Exemplar News: What are some of the challenges that remain for Costa Rica's health care system?
Dr. Pesec: They're at a pivotal moment in how to continue to develop and strengthen their EBAIS teams. Implementation started in late 1990s and really has still yet to be fully completed. There are certain metropolitan clinics in the capital city of San José that never received the full model. By that I mean they're sometimes sharing community health workers (ATAPs) or they have health areas, but the different clinics within each area have not yet been fully defined. I think that is one of the major challenges, just finishing the implementation of the model in the capital.
More broadly, maintaining a strong commitment to primary care is challenging, especially in the era of COVID or when your hospitals are also requiring investment and money. It's hard to maintain the level of excitement around primary care that they had in the 1990s.
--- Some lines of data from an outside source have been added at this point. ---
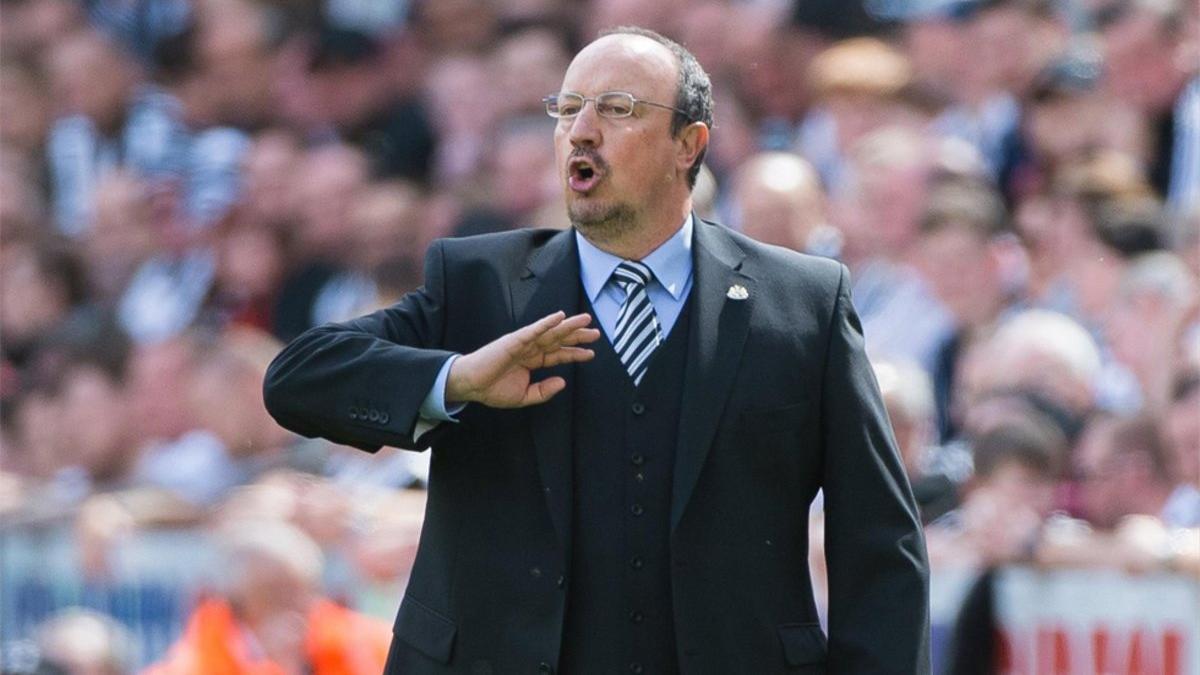 Rafa Benítez dando indicaciones en un partido durante su etapa en el Newcastle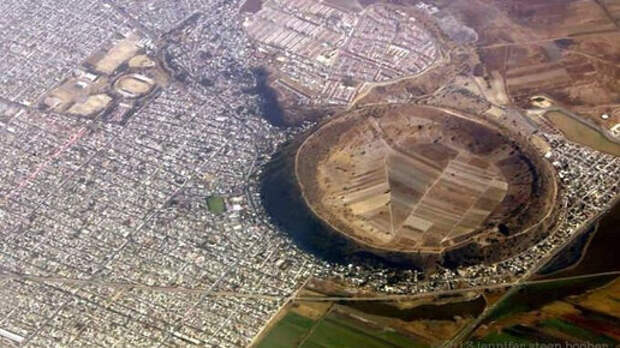 Мехико построили на глине, которая выпала во время катаклизма в историческое время?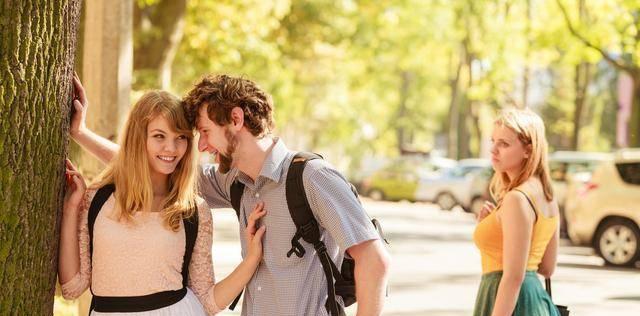 婚外情真的能轻易断绝吗？如何处理复杂的情感纠葛？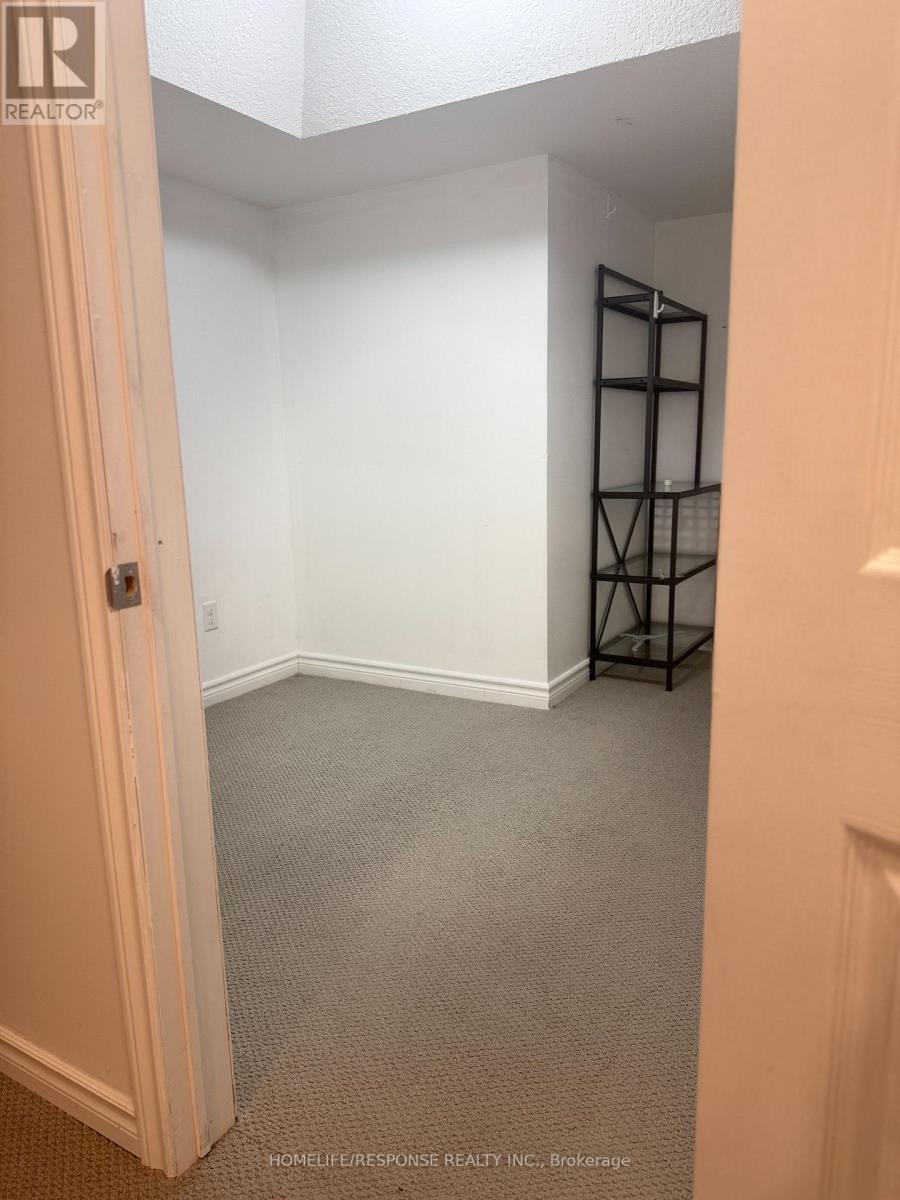 27 - 960 Bitterbush Crescent, London North (North M), Ontario  N6H 0G1 - Photo 32 - X12509554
Finally, Costa Rica continues to work on the question of how to leverage the private sector without compromising the care provided in the public sector. How to appropriately regulate and integrate the private sector into the public sector is a challenge for every country that has a public provision of health care, and Costa Rica is no exception to that.
Exemplar News: What would you say are the main lessons from CR’s experience for other countries?
Ratcliffe: A few things that really stick out to me are this combination of public health and medical care and the bridging of those functions in a way that doesn't sacrifice one for the other. Also, as we've talked about, measurement and data really matter.
We haven't spent a lot of time talking about their community health workers, but I think it's an amazing piece of the team. That's something that I know more and more countries and places are interested in exploring, that true integration of community health workers into teams in both the way information flows and data flows, the way they're paid and supervised. They're not just this appendage that's tacked on, but they're really the core of teams.
Finally, the piece that has always really resonated with me through all of our years of talking about Costa Rica, is we've gotten a lot of pushback from a lot of different places about why would we even talk about Costa Rica. In many people’s minds, Costa Rica is this crazy, magical place that disbanded its army and is socialist. And yes, they’ve taken a simple, elegant whole system approach to care. But I think there's a lot of very concrete pieces, the measurement, the merger of public health, that even if you can't do everything, those things seem approachable. I think being able to see the underpinnings of the success is not just a cultural aberration, but something that's meaningful and doable elsewhere.